Mastering Deepfake Detection: A Cutting-Edge Approach to Distinguish GAN and Diffusion-Model Images 掌握深度伪造检测：区分 GAN 和扩散模型图像的尖端方法

IF 5.1 3区计算机科学 Q1 COMPUTER SCIENCE, INFORMATION SYSTEMS

ACM Transactions on Multimedia Computing Communications and Applications

Pub Date : 2024-03-09 DOI: 10.1145/3652027

Luca Guarnera, Oliver Giudice, Sebastiano Battiato

Detecting and recognizing deepfakes is a pressing issue in the digital age. In this study, we first collected a dataset of pristine images and fake ones properly generated by nine different Generative Adversarial Network (GAN) architectures and four Diffusion Models (DM). The dataset contained a total of 83,000 images, with equal distribution between the real and deepfake data. Then, to address different deepfake detection and recognition tasks, we proposed a hierarchical multi-level approach. At the first level, we classified real images from AI-generated ones. At the second level, we distinguished between images generated by GANs and DMs. At the third level (composed of two additional sub-levels), we recognized the specific GAN and DM architectures used to generate the synthetic data. Experimental results demonstrated that our approach achieved more than 97% classification accuracy, outperforming existing state-of-the-art methods. The models obtained in the different levels turn out to be robust to various attacks such as JPEG compression (with different quality factor values) and resize (and others), demonstrating that the framework can be used and applied in real-world contexts (such as the analysis of multimedia data shared in the various social platforms) for support even in forensic investigations in order to counter the illicit use of these powerful and modern generative models. We are able to identify the specific GAN and DM architecture used to generate the image, which is critical in tracking down the source of the deepfake. Our hierarchical multi-level approach to deepfake detection and recognition shows promising results in identifying deepfakes allowing focus on underlying task by improving (about (2% ) on the average) standard multiclass flat detection systems. The proposed method has the potential to enhance the performance of deepfake detection systems, aid in the fight against the spread of fake images, and safeguard the authenticity of digital media.
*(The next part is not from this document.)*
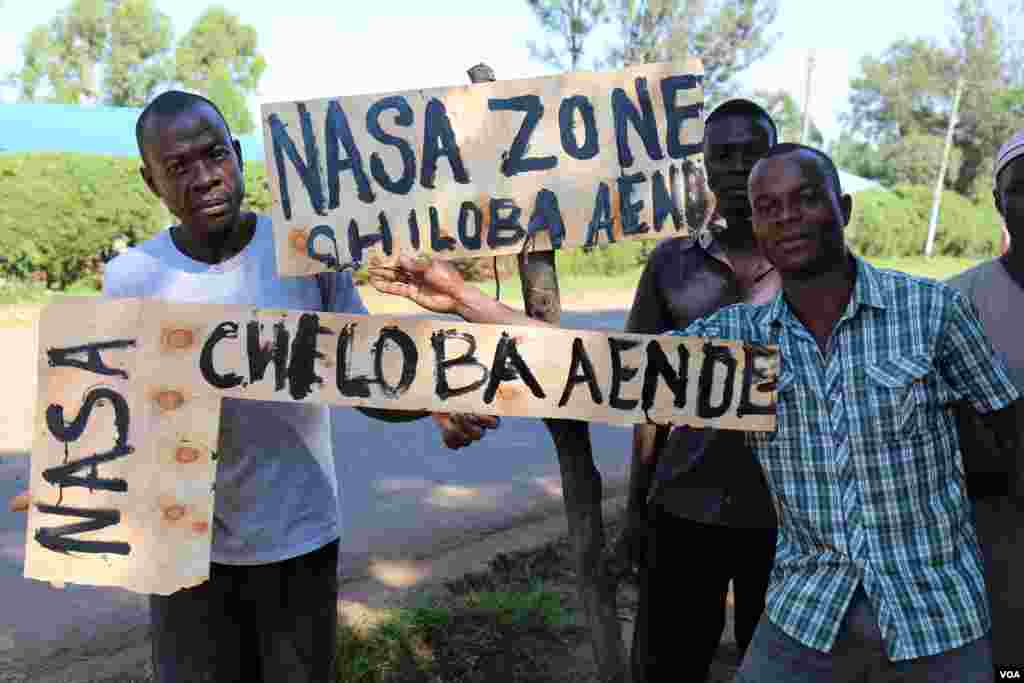Mechanics in Vihiga county, Kenya, display signs they made in support of opposition candidate Raila Odinga and his NASA coalition ahead of the upcoming re-run presidential election. October 6, 2017. (VOA/J. Craig)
检测和识别深度伪造是数字时代的一个紧迫问题。在这项研究中，我们首先收集了由九种不同的生成对抗网络（GAN）架构和四种扩散模型（DM）正确生成的原始图像和假图像数据集。该数据集共包含 83,000 张图像，真实数据和深度伪造数据分布均衡。然后，针对不同的深度伪造检测和识别任务，我们提出了一种分层多级方法。在第一层，我们对真实图像和人工智能生成的图像进行了分类。在第二层，我们区分了由 GAN 和 DM 生成的图像。在第三层（由另外两个子层组成），我们识别了用于生成合成数据的特定 GAN 和 DM 架构。实验结果表明，我们的方法达到了 97% 以上的分类准确率，超过了现有的最先进方法。在不同级别中获得的模型对各种攻击（如 JPEG 压缩（使用不同的质量因子值）和调整大小等）具有鲁棒性，这表明该框架可以在现实世界中使用和应用（如分析在各种社交平台上共享的多媒体数据），甚至可以在取证调查中提供支持，以打击非法使用这些强大的现代生成模型的行为。我们能够识别用于生成图像的特定 GAN 和 DM 架构，这对于追踪 deepfake 的来源至关重要。我们的分层多级深层伪造检测和识别方法在识别深层伪造方面取得了可喜的成果，通过改进（平均约为(2%)）标准多类平面检测系统，使我们能够专注于底层任务。所提出的方法有望提高深度赝品检测系统的性能，帮助打击假图像的传播，并保护数字媒体的真实性。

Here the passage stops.